_Task objective:_
The material below includes pictures; leave them out and return only the lines between the line containing "33 Lakefield Rd, Yarmouth, MA 02664" and the line containing "Quadro em tela", inclusive, word for word.

_Given data:_
-------

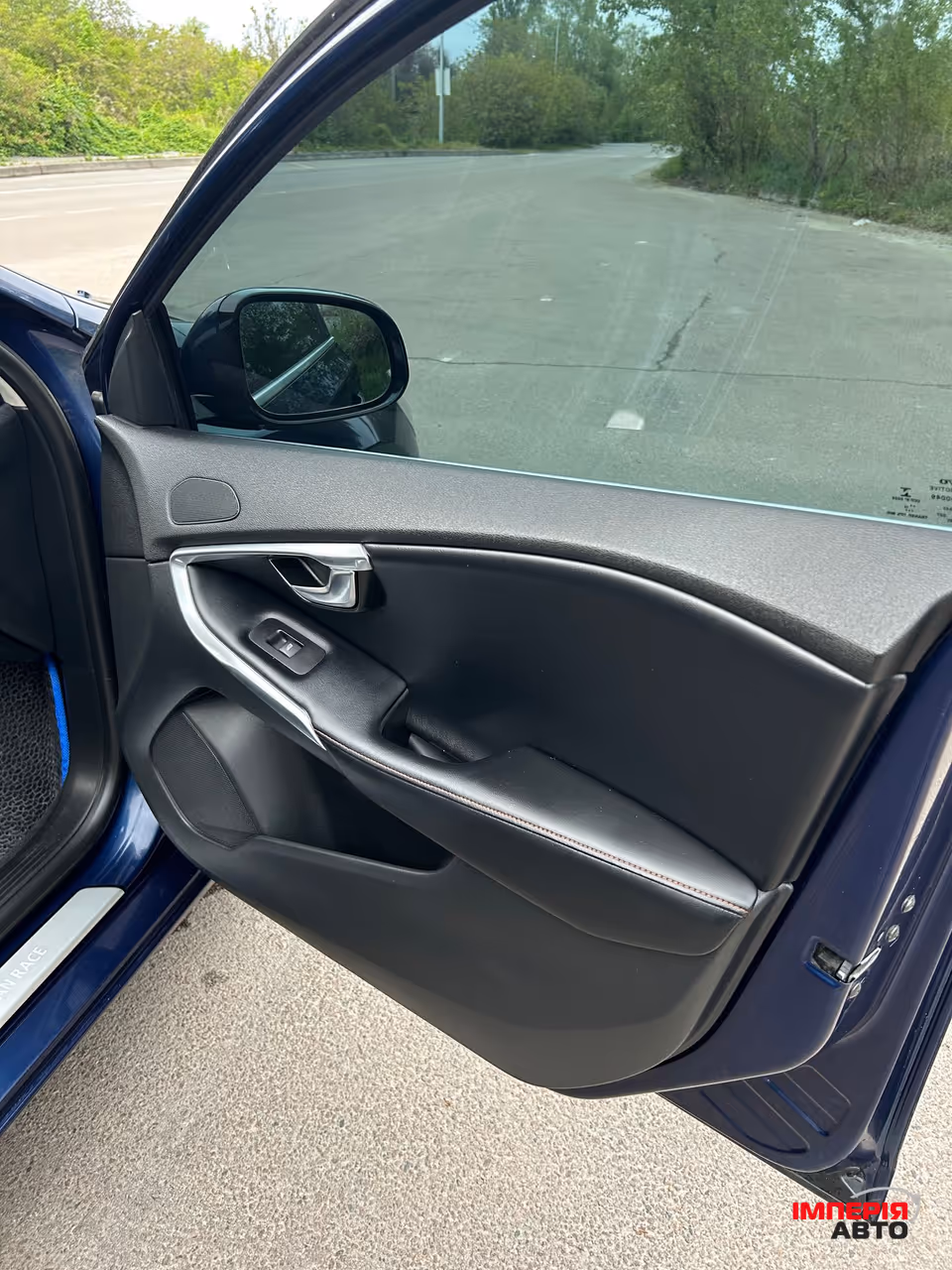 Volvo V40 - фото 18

-------

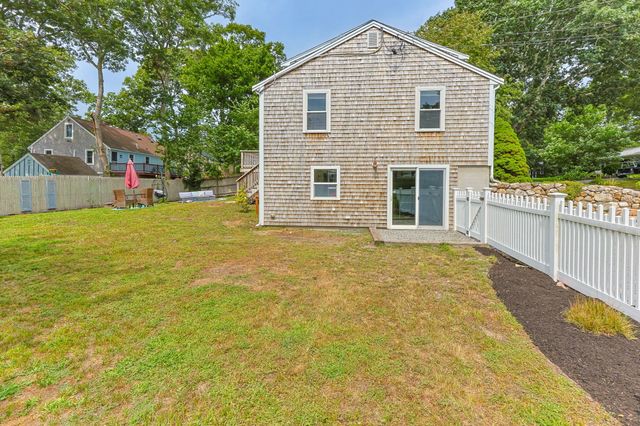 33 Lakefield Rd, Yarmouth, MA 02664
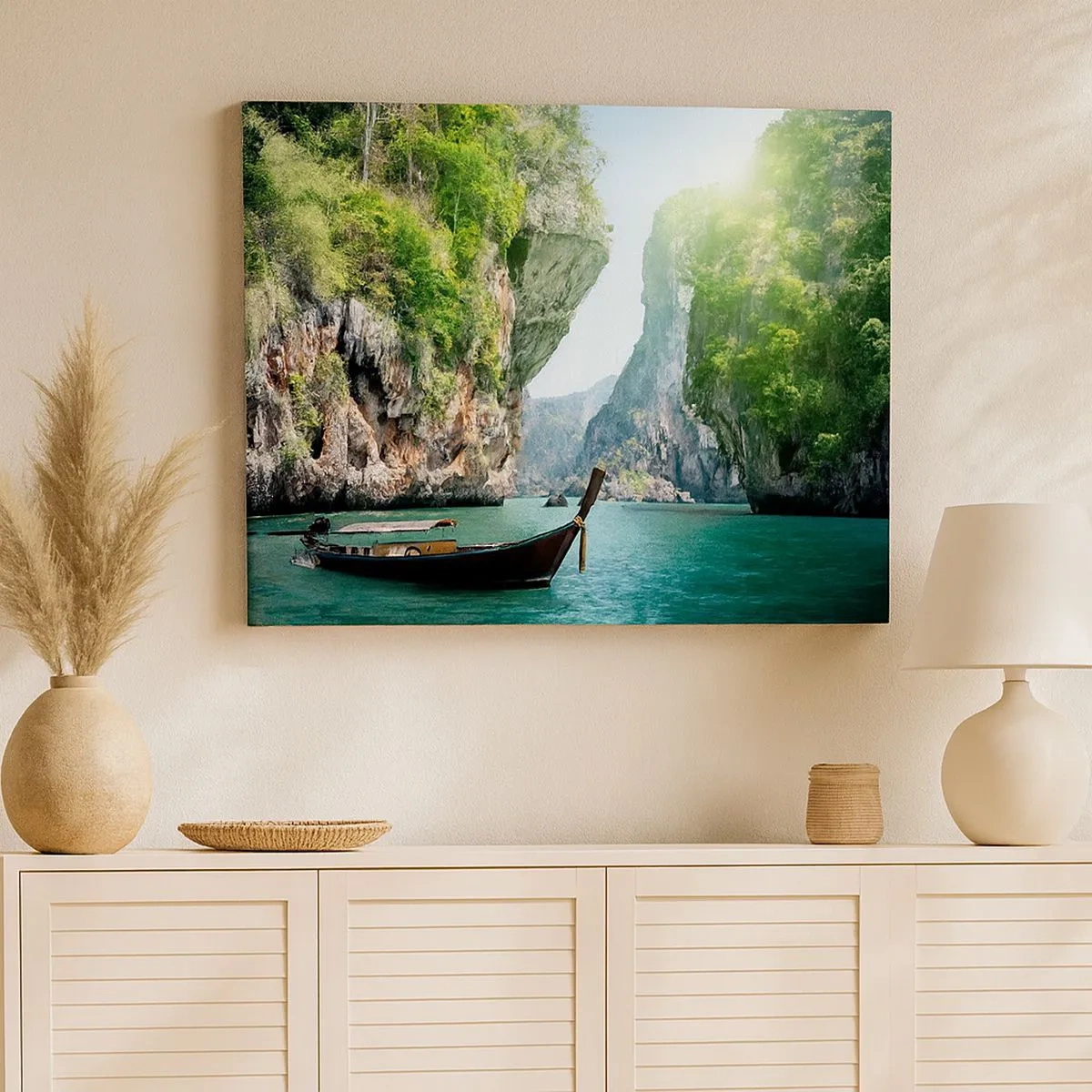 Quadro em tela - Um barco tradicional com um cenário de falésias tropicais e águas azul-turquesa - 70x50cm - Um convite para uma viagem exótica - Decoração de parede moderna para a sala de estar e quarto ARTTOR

-------

_Answer for this exercise:_
 33 Lakefield Rd, Yarmouth, MA 02664
 Quadro em tela - Um barco tradicional com um cenário de falésias tropicais e águas azul-turquesa - 70x50cm - Um convite para uma viagem exótica - Decoração de parede moderna para a sala de estar e quarto ARTTOR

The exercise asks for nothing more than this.